- [DATASET SECTION]:
****

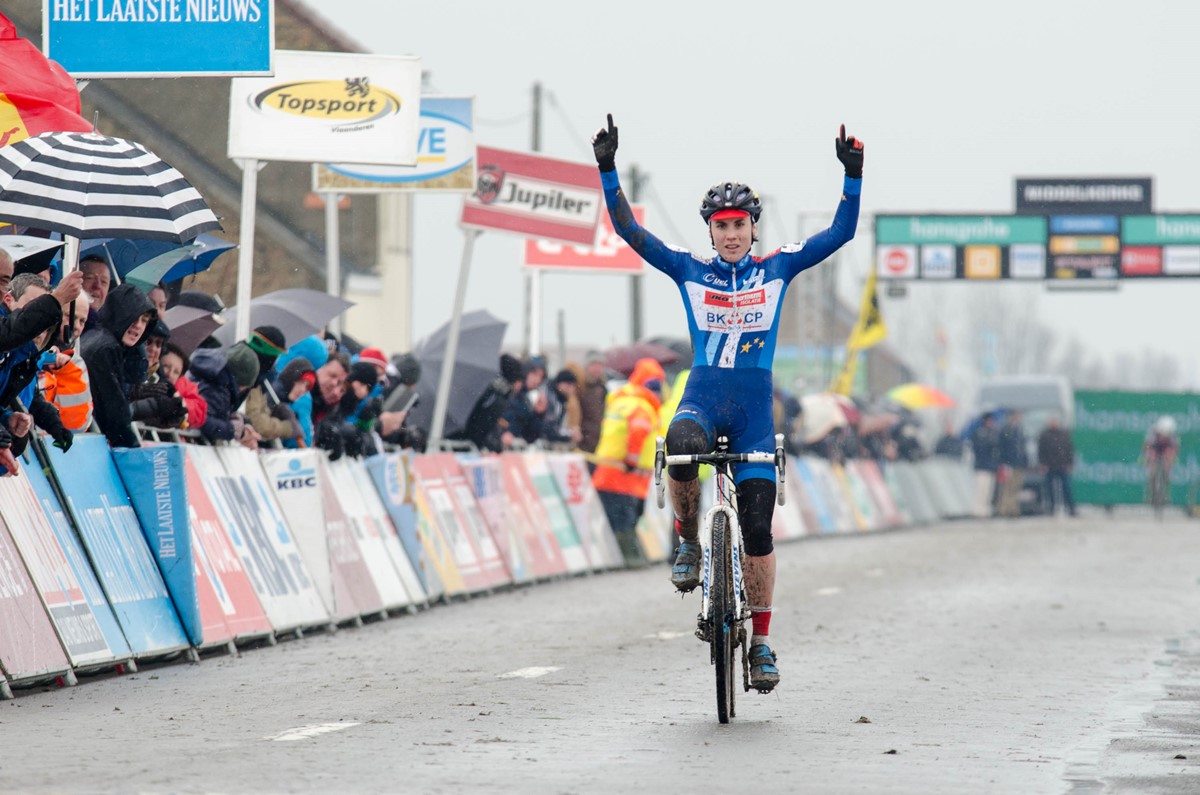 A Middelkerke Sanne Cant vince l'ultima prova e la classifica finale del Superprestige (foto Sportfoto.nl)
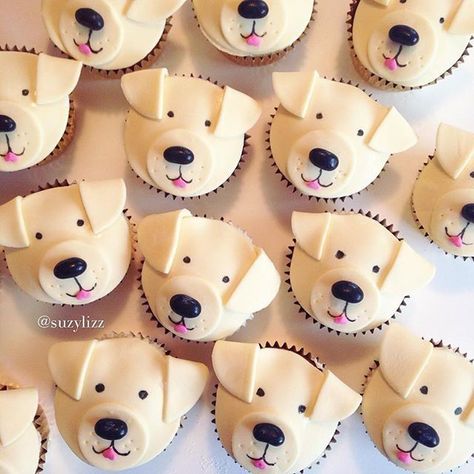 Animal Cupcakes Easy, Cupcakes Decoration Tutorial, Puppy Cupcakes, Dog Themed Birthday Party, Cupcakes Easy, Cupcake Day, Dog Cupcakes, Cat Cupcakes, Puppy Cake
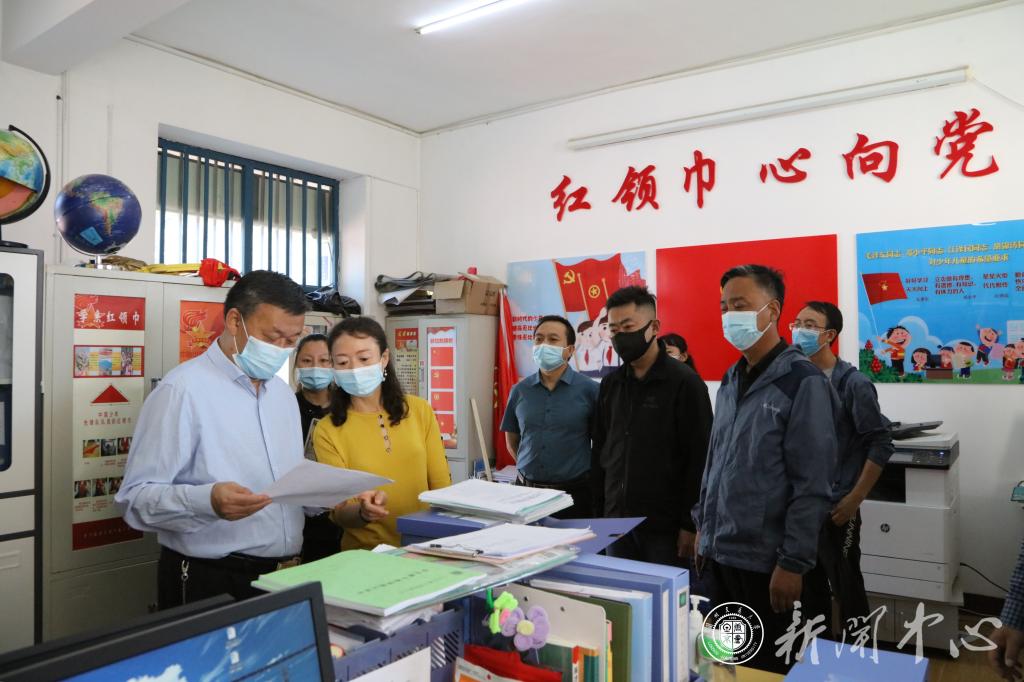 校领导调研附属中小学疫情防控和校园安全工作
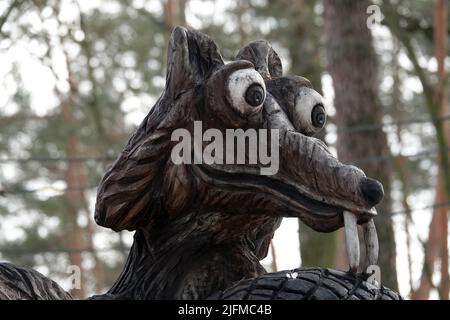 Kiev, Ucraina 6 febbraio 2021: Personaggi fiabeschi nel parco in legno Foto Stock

****

- [TASK STATEMENT]:
Only the lines from the one containing "Animal Cupcakes Easy, Cupcakes" through the final line of the listing should be reproduced, exactly and with no pictures.

- [WRITTEN RESPONSE]:
 Animal Cupcakes Easy, Cupcakes Decoration Tutorial, Puppy Cupcakes, Dog Themed Birthday Party, Cupcakes Easy, Cupcake Day, Dog Cupcakes, Cat Cupcakes, Puppy Cake
 校领导调研附属中小学疫情防控和校园安全工作
 Kiev, Ucraina 6 febbraio 2021: Personaggi fiabeschi nel parco in legno Foto Stock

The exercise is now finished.